This is a combo of two patterns from a book at the library. Sorry for the life of me I cannot remember the name. Mostly I use Avery Hill patterns but there are several books out there. You can check Monks Cloth and More or Christine's swedish weaving sites.


----------



## meknit (Dec 5, 2012)

I agree very beautiful and the patience of a Saint


----------



## babybop (May 7, 2011)

It is beautiful.


----------



## Diane1945 (May 25, 2012)

That is a piece of art...so so so beautiful, heirloom for sure. Beautifully done, perfect even. Congratulations.


----------



## jumbleburt (Mar 10, 2011)

Just incredible! Fantastic work!


----------



## Munchn (Mar 3, 2013)

Beautiful! What is the technique-- cross stitch? Needle point?


----------



## Thatbella (Jan 9, 2013)

This is an impressive piece of work.

This type of work may be an outlet for someone who may not have the ability to knit as much as they used to - due to problems with their hands.

The colours go very well together.
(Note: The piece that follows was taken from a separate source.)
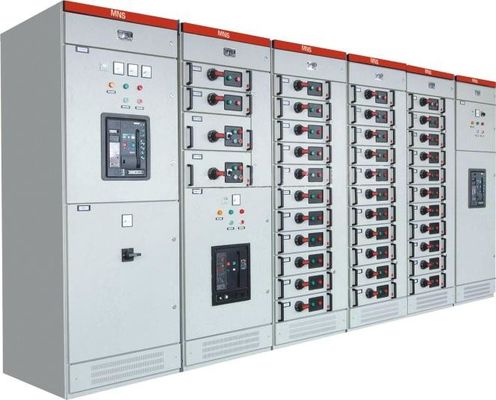 630A لوحة كهربائية Lv 660V لوحة مفاتيح معدنية مغلقة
This would look good as a wall hanging as well, a definite feature.


----------



## Belle1 (May 20, 2012)

Thank you for sharing -- I enjoy seeing major accomplishments like this -- they are something I wouldn't normally get a chance to see. Well done.


----------



## Neeterbug (May 25, 2011)

I love your Swedish weaving blanket. You did a wonderful job.
I would love to know the name of the pattern you used.
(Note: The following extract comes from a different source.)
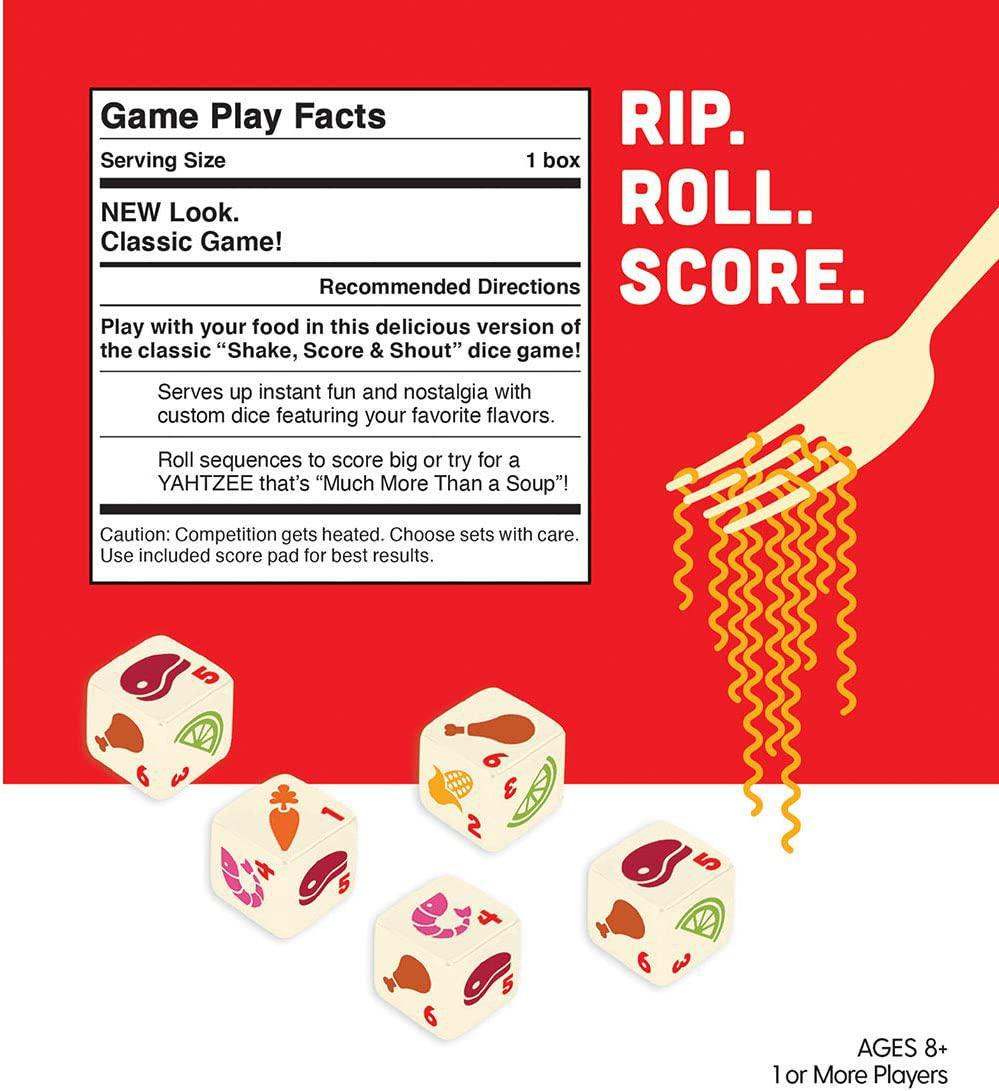 Yahtzee: Cup Noodles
Did you sew two pieces of Monk's cloth together to get your width? I don't see a seam...you did a wonderful job.

I have made about five Swedish weaving afghans. It is so relaxing!
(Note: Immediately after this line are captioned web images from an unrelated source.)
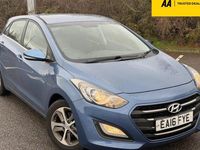 Used Hyundai i30 SE 2016 Blue Hatchback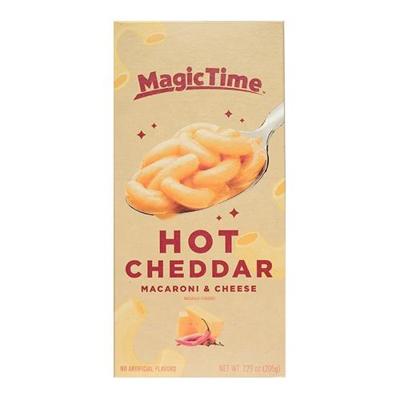 Magic Time - Hot Cheddar Mac & Cheese - 205g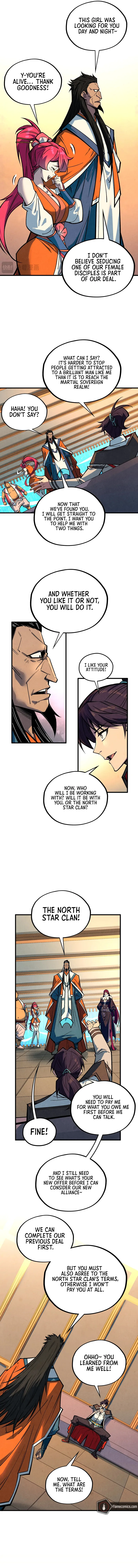 The Ancient Sovereign of Eternity Chapter 408 - Page 10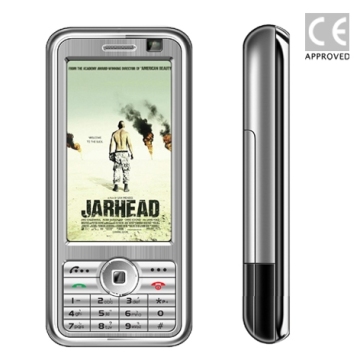 Daul SIM Cards Mobile Phone with TV&amp;16:9 screen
Here is the link to the last one that I made for a twin bed.

http://www.knittingparadise.com/t-67211-1.html


----------



## Naneast (Jun 12, 2011)

Beautiful work!


----------



## pamjlee (Mar 11, 2012)

Neeterbug said:


> I love your Swedish weaving blanket. You did a wonderful job.
> I would love to know the name of the pattern you used.
> 
> Did you sew two pieces of Monk's cloth together to get your width? I don't see a seam...you did a wonderful job.
> ...


I remember seeing this when you posted it. I love the colours! A wonderful job! I spread my pattern sections out a bit as I knew it would take forever otherwise. I do wish I had tightened it up at least a couple of rows but what the heck, it worked out well at the ends as it is.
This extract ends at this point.